Pour clarifier cette problématique nous rapportons ici trois témoignages, d’éditrices et de dessinatrices.

Soline Scutella, éditrice de bande dessinée, a surmonté quantités de défis et d’épreuves pour prétendre gérer une maison d’édition bd sur le long terme, métier détenu par plus de 90% d’hommes. Si les créatrices peuvent parfois faire face à des éditeurs licencieux, les éditrices se coltinent les banquiers et autres comités administratifs. Si on ne demande pas à Soline son tour de poitrine on lui dira plutôt « Taisez-vous ma petite dame » en pleine réunion sur sa propre maison d’édition. Si on ne lui offre pas une « prime à la ténacité » on refuse de lui céder une subvention à cause de sa situation familiale à risque (femme célibataire sans enfants).
Comme si tout cela n’était pas suffisant, les diffuseurs lui laissent sous-entendre qu’ils vont avoir du mal à faire rentrer ses livres dans une catégorie. « Au téléphone mon interlocuteur me disait qu’il allait être compliqué de placer tel livre chez les libraires car ça ne va pas rentrer dans tel ou tel rayon. Comme s’il fallait rassurer le client ! Le client veut ÇA. J’ai demandé à ces commerciaux de penser autrement désormais, qu’on était devenu esclave d’un discours marketing typique de la culture mainstream sans chercher à proposer autre chose. Or, le champ de la bande dessinée s’est diversifié et on prend vraiment les lecteurs pour des idiots ! Moi je pense que les éditeurs et les libraires sont responsables de ce phénomène, et que le diffuseur s’adapte entre les deux. Par exemple il y a des éditeurs qui continuent de créer des cadres précis de genres narratifs, d’entretenir des stéréotypes faciles, et les auteurs s’y formatent. Ils adaptent leur création au cadre de l’éditeur alors que ce devrait être l’inverse ! »

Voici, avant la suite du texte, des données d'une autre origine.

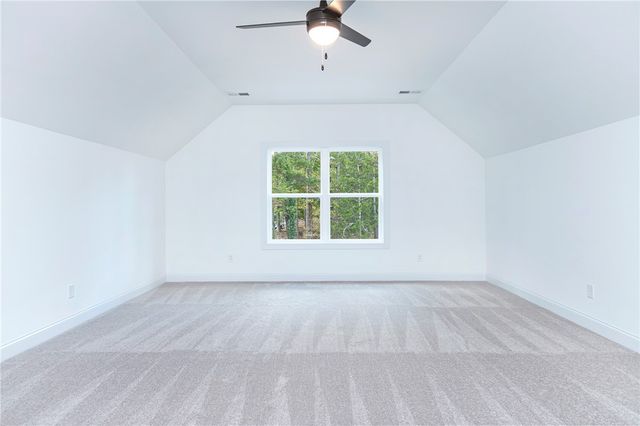 328 Point Road, Westminster, SC 29693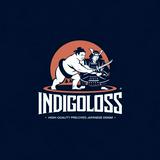 (Kategori: ) berada di . Dikirim oleh indigoloss (ID iklan 1373890640, Gambar 1). Deskripsi: .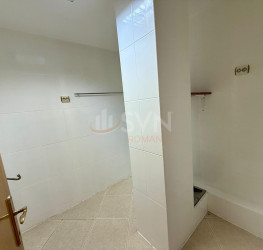 Apartament, 2 camere, 64.3 mp Bucuresti/Tineretului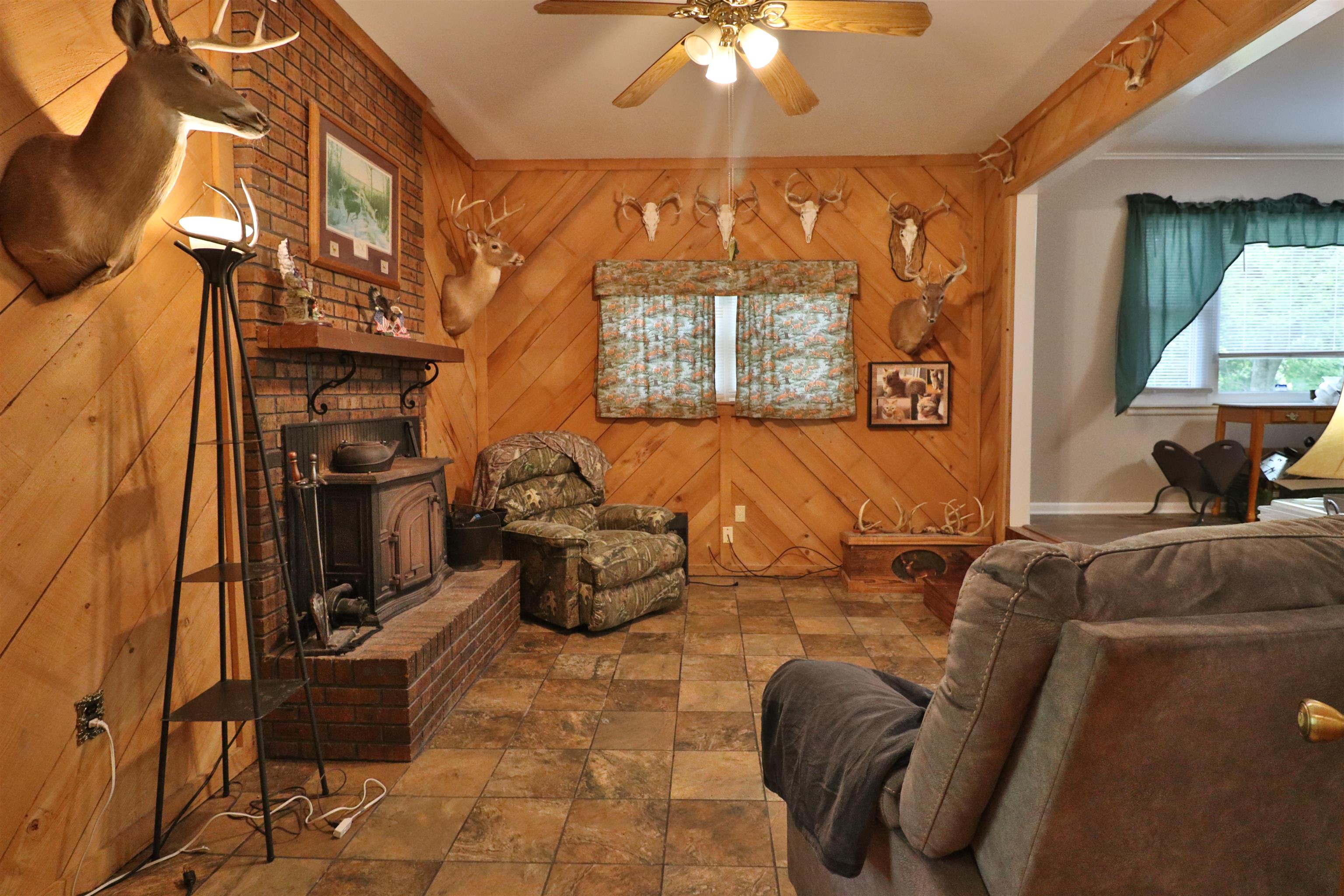 997 Williams Switch Road Ripley, TN 38063 - Photo 7 of 37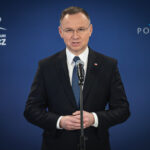 Kolejny dzień wizyty prezydenta Andrzeja Dudy na Podkarpaciu 5 - Polskie Radio Rzeszów Kolejny dzień wizyty prezydenta Andrzeja Dudy na Podkarpaciu - Polskie Radio Rzeszów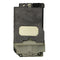 Toshiba LTPRTLPLW23PUSH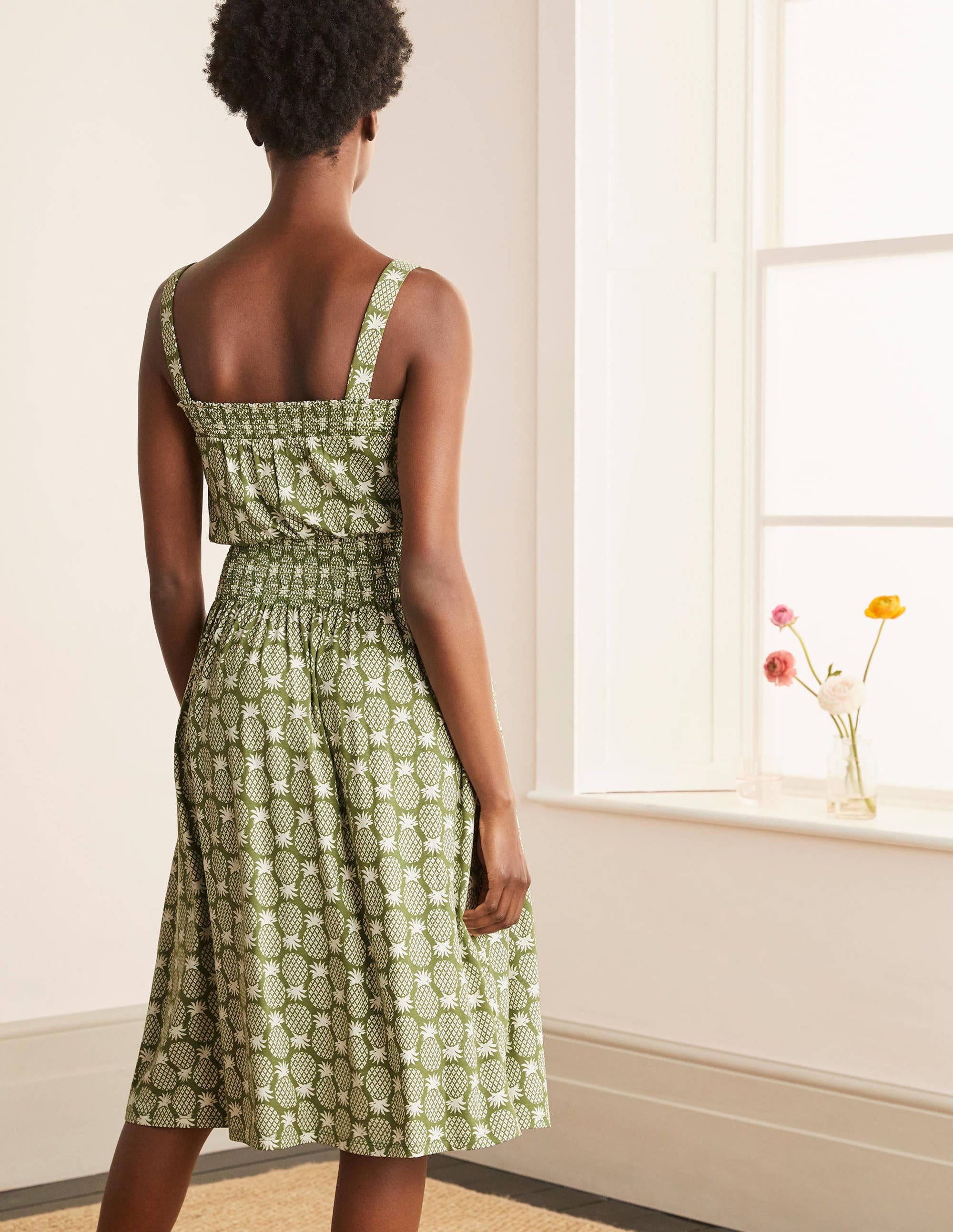 boden rosamund dress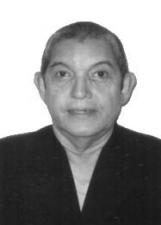 ARRUDA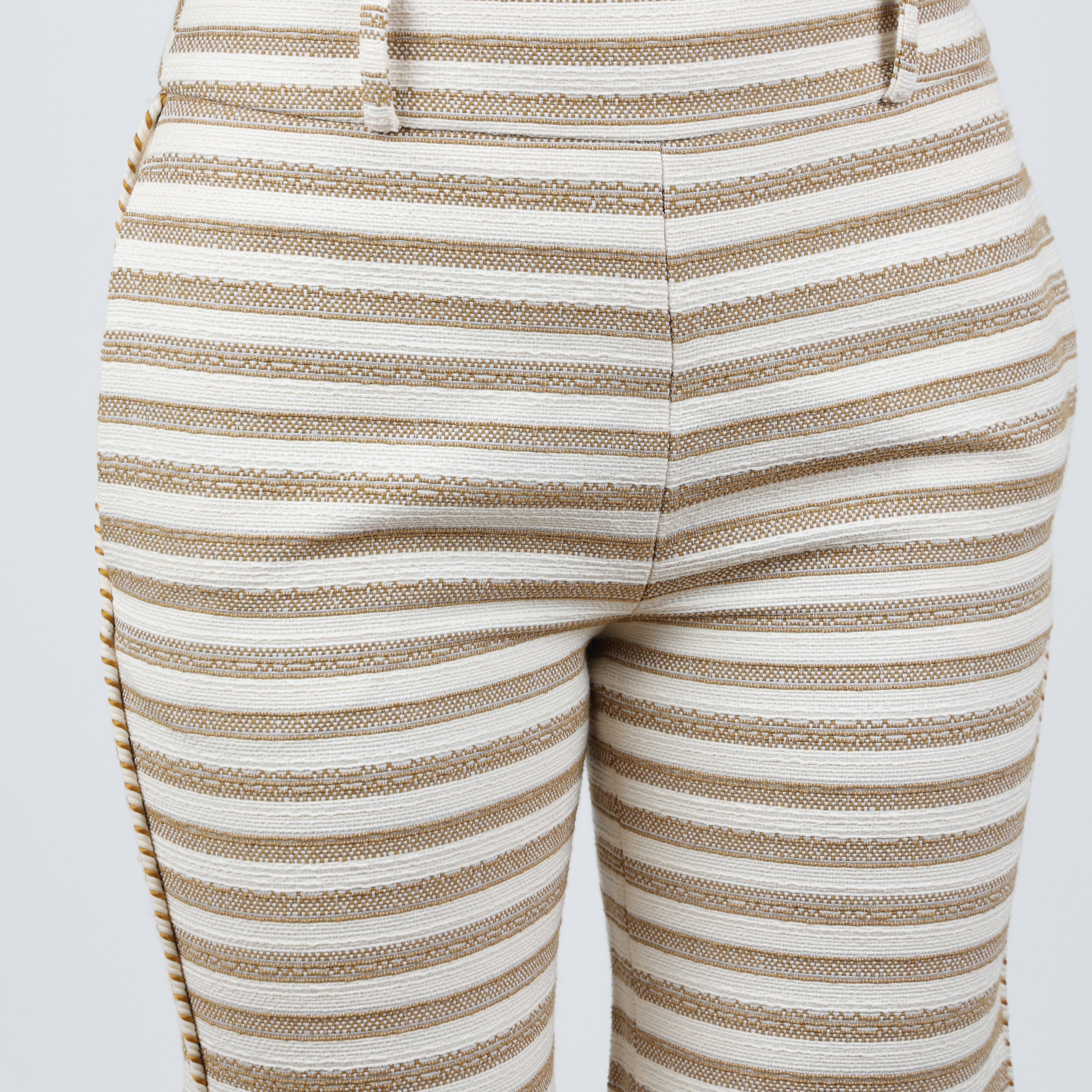 Trousers, UK Size 4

C’est en effet une situation qui se retrouve beaucoup en bande dessinée et en livre jeunesse. Le niveau de vie étant aussi bas que la concurrence est forte, les créateurs/trices sont prêt.e.s à beaucoup de compromis pour mettre du beurre dans les pâtes. Lucile Ahrweiller, illustratrice jeunesse depuis 6 ans en témoigne. « Les codes changent d’un éditeur à l’autre, certains font un réel effort pour s’émanciper des clichés discriminatoires. Par contre, dans le cadre de commandes on m’a déjà demandé de changer des dessins pour les faire rentrer dans des stéréotypes de genre ou de domination blanche. Ce ne sont pas des ultimatums verbalisés, c’est plus insidieux… On m’a déjà fait comprendre que les distributeurs ne vendraient pas mes livres si mes princesses n’y étaient pas coloriées en rose. Et si je ne veux pas céder, ils confieront le projet à quelqu’un d’autre, c’est pas la main d’œuvre qui manque ! »
Que se passerait-il si tous les dessinateurs cessaient aujourd’hui de donner vie aux représentations sexistes ? Pour Lucile le problème ne vient pas des libraires : « Les libraires sont des passeurs de culture. Par contre les diffuseurs et distributeurs ont toujours besoin de classifier des objets de culture comme des produits, pour mieux les vendre, et c’est ça le vrai souci. »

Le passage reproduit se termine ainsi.